A police officer places his or her life on the line each time they suit up and step out into the world. Our soldiers and military personnel choose to serve their country, and in turn they accept that time away from their family and friends is perhaps the most minor of the sacrifices they are making. They also accept that losing their lives in other countries — where they are often times viewed as the enemy — is perhaps the highest sacrifice they could be making.
We often times fail to take the time to reflect on the sacrifices that have been made by others in order to raise us, protect us, assist us and in some cases, save us.
Memorial Day is one of those points in the year where we are challenged to deliberately take the time to “remember” the fallen. Memorial Day asks us to stop and honor, recall and appreciate the sacrifices made by soldiers in the mission of protecting us, serving our country and giving their lives for the preservation of peace through war.
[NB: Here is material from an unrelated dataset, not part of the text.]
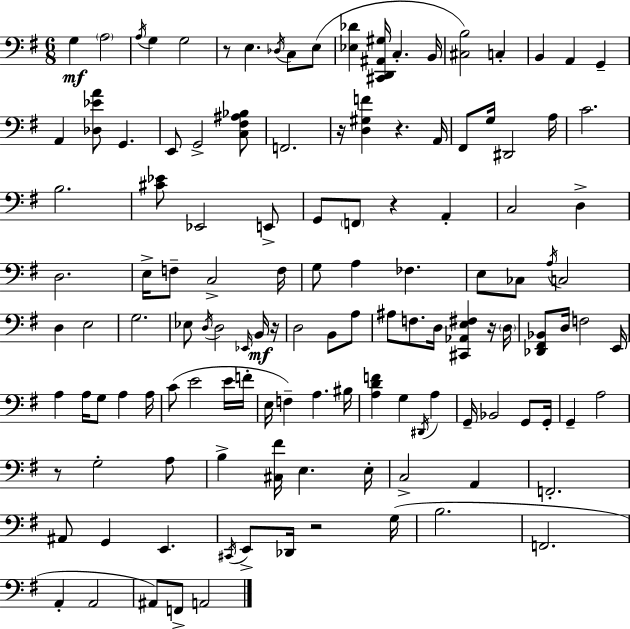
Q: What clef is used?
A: bass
How do we best honor a person’s sacrifice though? How to we best demonstrate our understanding and appreciation for the sacrifice that has been made for us? In writing to the church in Galatia, Paul states the following in Galatians 5:13, “You, my brothers, were called to be free. But do not use your freedom to indulge the sinful nature; rather, serve one another in love.”
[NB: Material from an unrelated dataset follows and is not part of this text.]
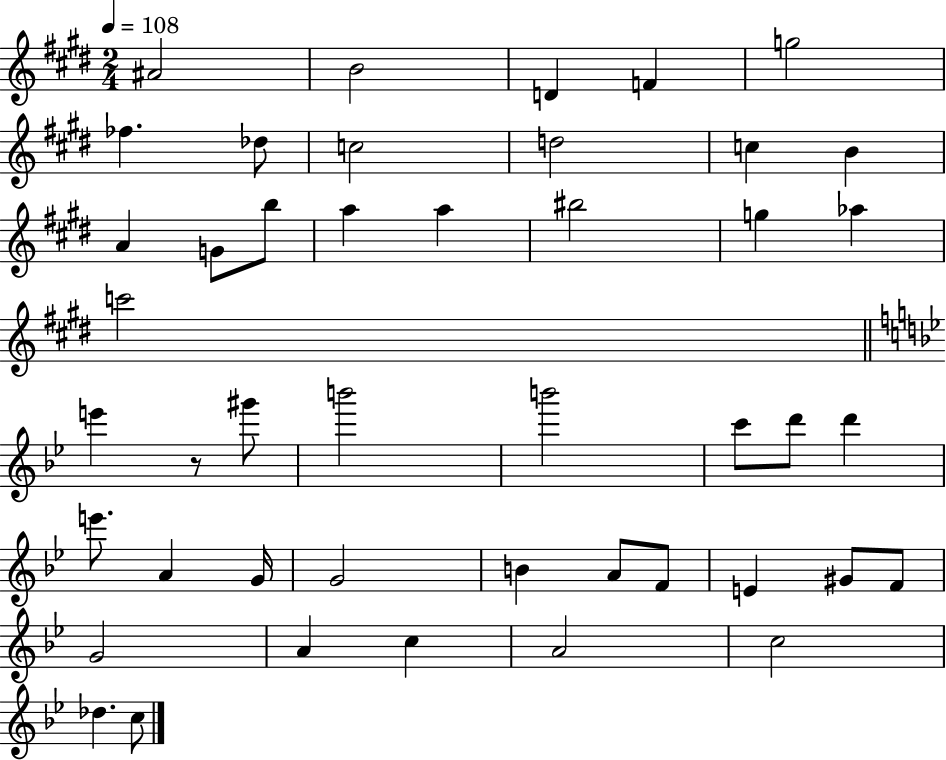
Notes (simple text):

A#4/h B4/h D4/q F4/q G5/h FES5/q. Db5/e C5/h D5/h C5/q B4/q A4/q G4/e B5/e A5/q A5/q BIS5/h G5/q Ab5/q C6/h E6/q R/e G#6/e B6/h B6/h C6/e D6/e D6/q E6/e. A4/q G4/s G4/h B4/q A4/e F4/e E4/q G#4/e F4/e G4/h A4/q C5/q A4/h C5/h Db5/q. C5/e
Paul reminds the church in Galatia that they have been called to be free or set free by the sacrifice of Christ. He also reminds them in this brief statement that they should not waste their freedom by being sinful and self-serving. Instead he encourages them to “use their freedom to serve one another in love.”
Our acceptance of Christ’s sacrifice; believing in him and being saved by his grace; accepting his offer of salvation, makes us free. We are no longer condemned to death, but rather set free from sin and death. With Christ, perhaps the best way we can honor His sacrifice is to accept it, be thankful for it and “use our freedom” to serve one another through loving one another.
How does this relate to this time of memorial remembrance? With those who serve around us for the sake of our freedom; for those who have come before us that gave us our freedom; and for those who have given their lives to secure our freedom, perhaps the best way we can honor their sacrifice, is found in the same scriptural answer: Accept it, be thankful for it and honor it by serving those around us.